C’est dans l’air, la fusion des articles 73 et 74 de la Constitution à l’étude, et a d’ailleurs fait l’objet d’une question au président du CD de Mayotte, comme aux autres. Elle permettrait de mettre fin à la différenciation entre Départements d’Outre-mer (DOM) qui relèvent du premier, et des Collectivités d’outre-mer, qui relèvent du second.
Mais à ce compte, tous ces territoires n’ont pas les mêmes objectifs. Parmi ceux de Mayotte, celui de ne pas s’éloigner de la République française dans une région où nos voisins comoriens nous considèrent comme la 4ème roue de leur Union.
Pour autant, la départementalisation de Mayotte est bancale, il faut donc la faire évoluer pour aboutir à une égalité avec les autres DOM, sans évolution statutaire, s’est évertué à expliquer Ben Issa Ousseni à la Délégation sénatoriale, répondant à des questions pas tout à fait bien préparées, mais l’essentiel du message est passé.
« Nous avons été érigés en collectivité unique mais sans aller jusqu’au bout de la double compétence, en adoptant le côté départemental, mais pas suffisamment le régional », martelait-il au long de son intervention. C’est en effet l’Etat à Mayotte qui a gardé la main sur les routes – dont Ben Issa Ousseni a refusé de reprendre la gestion comme plusieurs autres départements, réclamant une remise à niveau préalable – les collèges et les lycées, et partiellement le développement économique. « Nous ne sommes même pas à 50% des compétences régionales exercées ».
Adapter et converger
C’est d’ailleurs ce qui explique en partie que Mayotte bénéficie d’une Dotation Globale de Fonctionnement (DGF) de 125 euros par habitant, contre 245 euros à la Réunion, les secteurs cités ci-dessus n’étant pas compensés car pas transférés.

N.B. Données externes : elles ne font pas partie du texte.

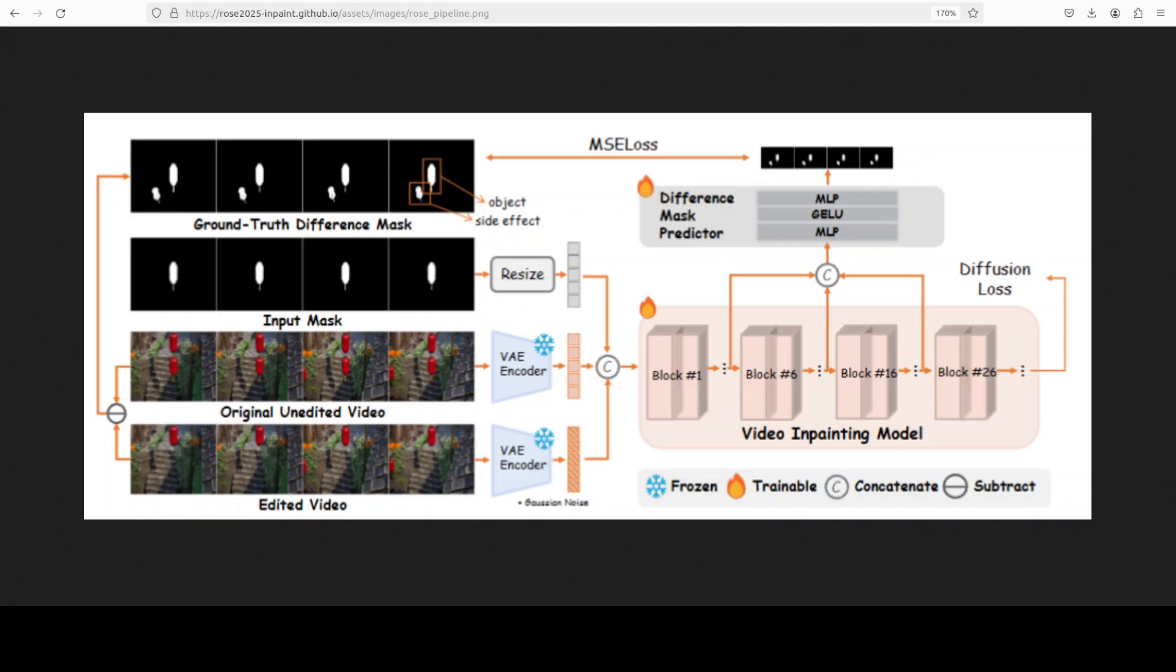And then we have a small MLP difference mask predictor which is trained to recover that mask from features. Its prediction is concatenated into the diffusion backbone at several blocks, and that is where it just denoises and fills it. And that's pretty much it.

Si le problème de l’adaptation des lois au contexte mahorais se matérialise dans l’immigration clandestine, c’est à peu prés le seul secteur, la plupart des thématiques relevant d’un éloignement critiqué par rapport au droit commun : « Nous sommes les seuls à avoir des titres de séjour territorialisés, à subir un délai de carence pour l’allocation des personnes handicapées, à endosser seul la continuité territoriale entre Petite et Grande Terre, à ne pas être desservis par Air France, et nous devons gérer jusqu’à 10.000 mineurs isolés, ce qui est énorme pour un territoire de 290.000 habitants. »
Le président du CD expliquait donc à son interlocutrice Micheline Jacques, sénatrice LR de Saint-Barthélemy, vouloir à la fois une convergence avec la métropole sur ces points et sur les droits sociaux et autres, « insuffisamment pris en compte dans le projet de loi Mayotte », et davantage de libertés, « pour nouer notamment des partenariats avec les pays de la zone, Madagascar, Tanzanie, sans passer par Paris ».

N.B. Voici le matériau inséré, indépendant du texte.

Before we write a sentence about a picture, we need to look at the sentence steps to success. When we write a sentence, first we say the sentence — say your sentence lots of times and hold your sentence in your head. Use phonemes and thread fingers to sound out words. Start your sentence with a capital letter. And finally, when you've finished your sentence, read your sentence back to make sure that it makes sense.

Différenciation sans autonomie
La difficulté de l’exercice portait sur la réponse à la question clé, « Quel sens donnez-vous aux notions de différenciation, de responsabilité ? Où vous situeriez-vous dans la limite de la notion d’autonomie ? » Le mot sacrilège était lâché, « ce n’est même pas suggérable aux mahorais ! L’évolution institutionnelle génère ici plus d’inquiétude que d’espoirs, tout comme la fusion des articles 73 et 74. Nous ne voulons que quelques petites adaptations », lançait Ben Issa Ousseni. Il n’est pas le seul, l’appel de Fort-de-France avait été signé par 6 territoires.

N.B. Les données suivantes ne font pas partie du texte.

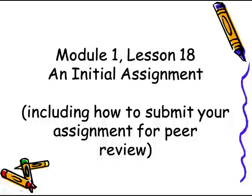Congratulations! You are almost done with Unit 1, Module 1, whatever we're going to call it, of this course.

Ces demandes sur la déclinaisons des compétences régionales, avec davantage de conseillers départementaux pour les exercer, et de l’évolution du mode de scrutin en scrutin de liste, rappelaient de vieux souvenirs, et c’est par sms car présent à Mayotte que le sénateur Thani Mohamed Soilihi interrogeait le président Ben Issa sur son appréciation du toilettage institutionnel de son prédécesseur Soibahadine Ibrahim Ramadani, qui reprenait tous ces points, en provoquant un tsunami social, et dont il avait intégré la majorité. « C’est le terme ‘toilettage institutionnel’ qui avait inquiété les gens alors que sur le fond, le travail vers la régionalisation doit être mis en place ».
On en revient à la question piège à laquelle les Mahorais ont du répondre favorablement en 2009 pour obtenir la départementalisation : « Approuvez-vous la transformation de Mayotte en une collectivité unique appelée ‘Département’, régie par l’article 73 de la Constitution, exerçant les compétences dévolues aux départements et aux régions d’outre-mer ? » Si l’idée était d’initier une évolution vers une collectivité unique à laquelle souscriront plus tard la Guyane et la Martinique, ces deux DOM étaient auparavant dotées des deux assemblées, départementales et régionales, qui ont fondu en une seule. Pas Mayotte.